_Requirement:_ The reply should contain every line of the data, repeated exactly, and no pictures.

_Supplied data:_
========================================================================

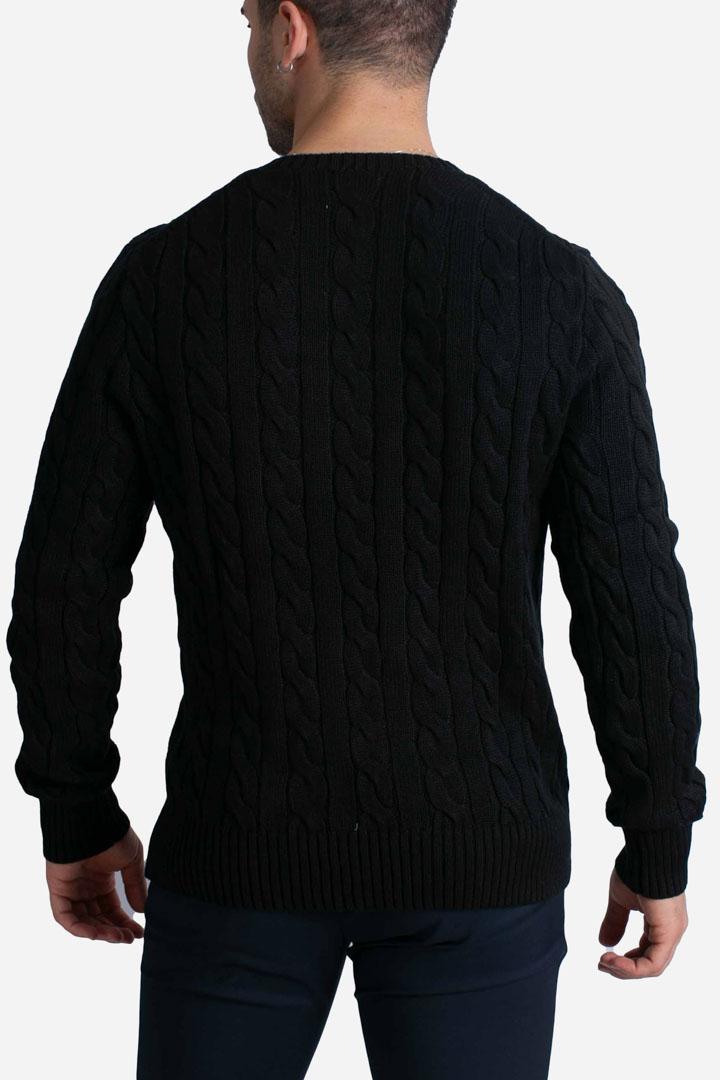 MAGLIONE IN COTONE A TRECCE black 710775885012 POLO RALPH LAUREN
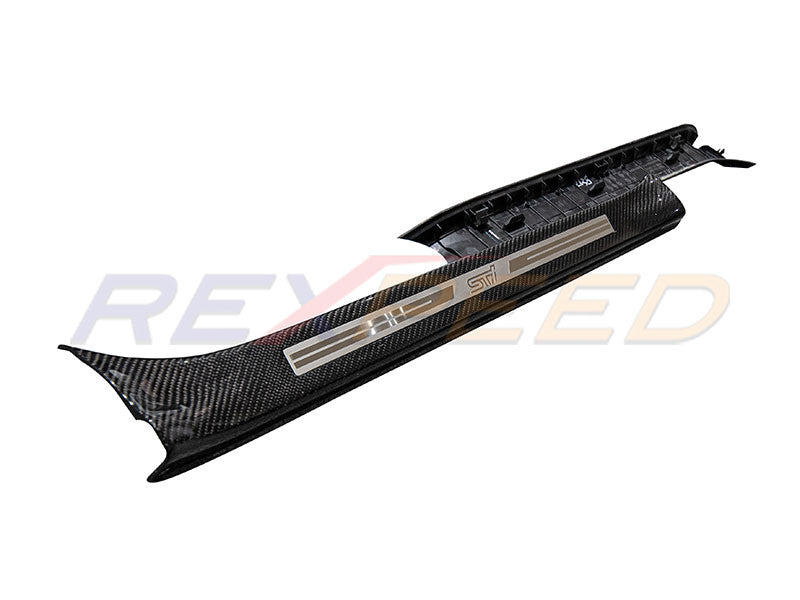 Rexpeed VA WRX/STI Carbon Fiber STI Front Scuff Plate Full Replacement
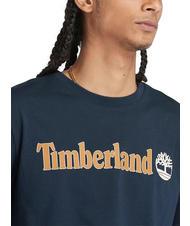TIMBERLAND KENNEBEC RIVER LINEAR LOGO T-shirt en cotton saphir noir - T-shirt - 3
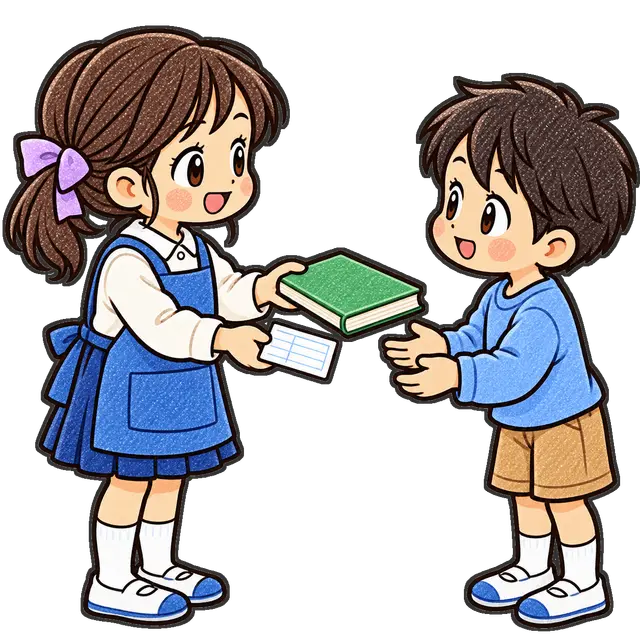 図書委員の貸し出しの枠付き版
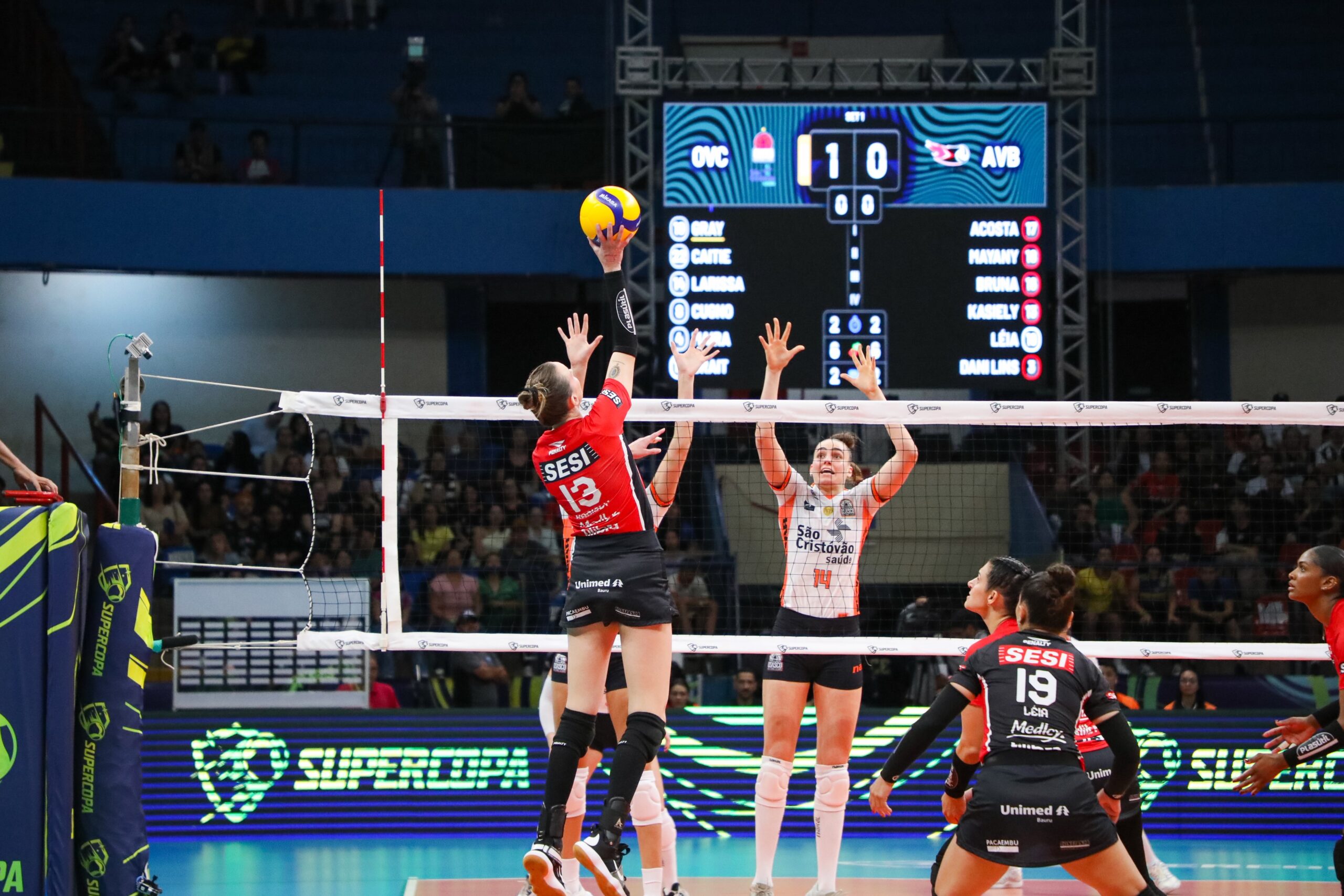 Sesi-Bauru e Osasco fazem confronto direto na despedida da Superliga Feminina em 2025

========================================================================

_Output:_
 MAGLIONE IN COTONE A TRECCE black 710775885012 POLO RALPH LAUREN
 Rexpeed VA WRX/STI Carbon Fiber STI Front Scuff Plate Full Replacement
TIMBERLAND KENNEBEC RIVER LINEAR LOGO T-shirt en cotton saphir noir - T-shirt - 3
 図書委員の貸し出しの枠付き版
 Sesi-Bauru e Osasco fazem confronto direto na despedida da Superliga Feminina em 2025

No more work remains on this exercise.